(Input data):
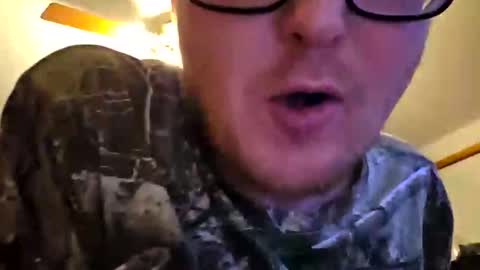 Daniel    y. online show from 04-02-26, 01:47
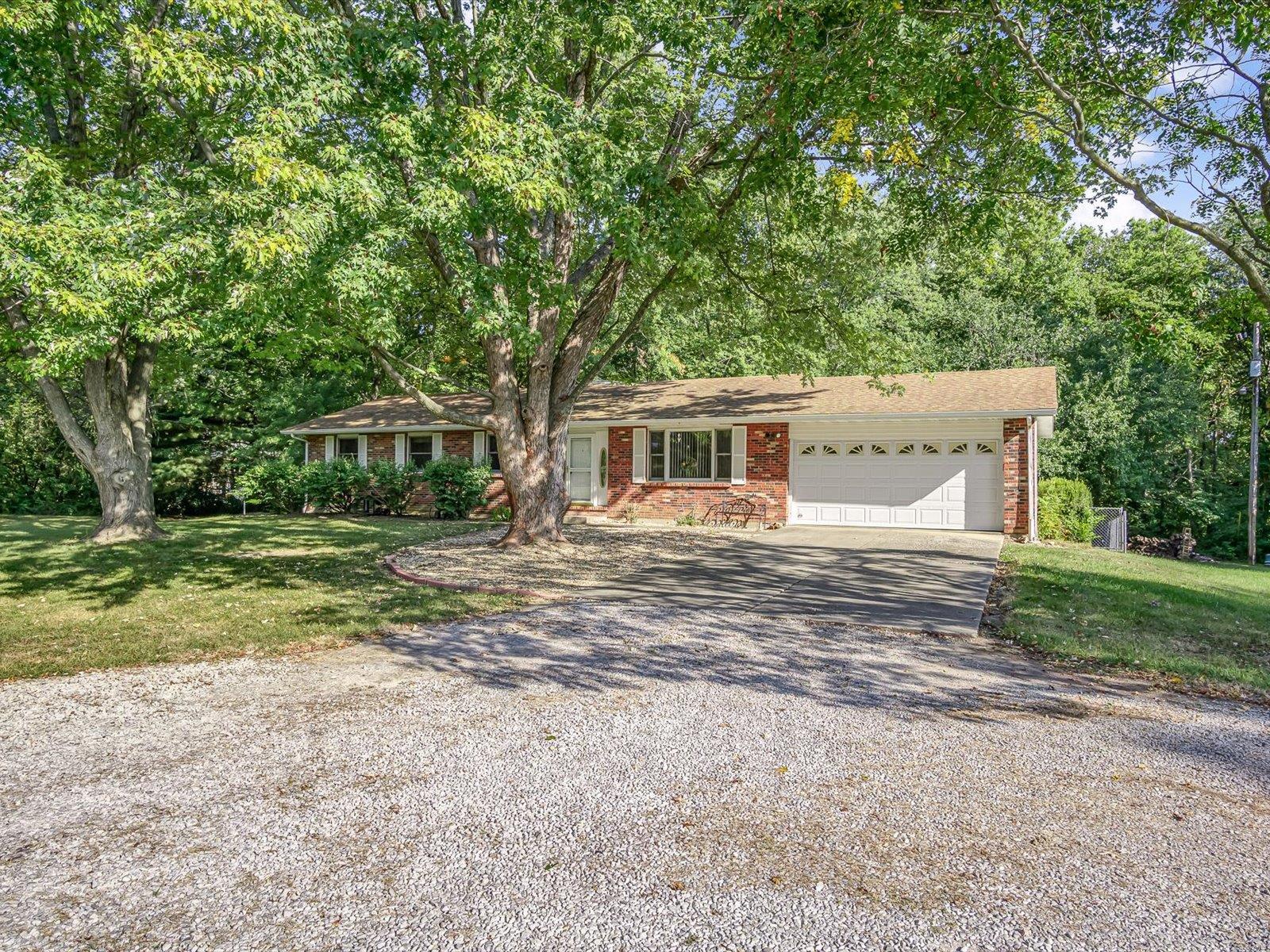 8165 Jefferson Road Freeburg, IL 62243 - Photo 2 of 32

* * *

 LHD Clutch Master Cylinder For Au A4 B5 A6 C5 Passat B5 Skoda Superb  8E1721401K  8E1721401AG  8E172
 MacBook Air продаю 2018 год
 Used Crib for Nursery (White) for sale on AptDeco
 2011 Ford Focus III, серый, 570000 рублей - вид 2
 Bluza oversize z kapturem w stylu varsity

...

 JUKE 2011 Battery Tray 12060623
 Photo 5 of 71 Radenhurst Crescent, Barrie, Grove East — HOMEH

(About this exercise): In the data above, start at the line that has "Used Crib for", stop after the line that has "Bluza oversize z kapturem w stylu varsity", and print every line in between exactly as it stands.

(Expected output):
 Used Crib for Nursery (White) for sale on AptDeco
 2011 Ford Focus III, серый, 570000 рублей - вид 2
 Bluza oversize z kapturem w stylu varsity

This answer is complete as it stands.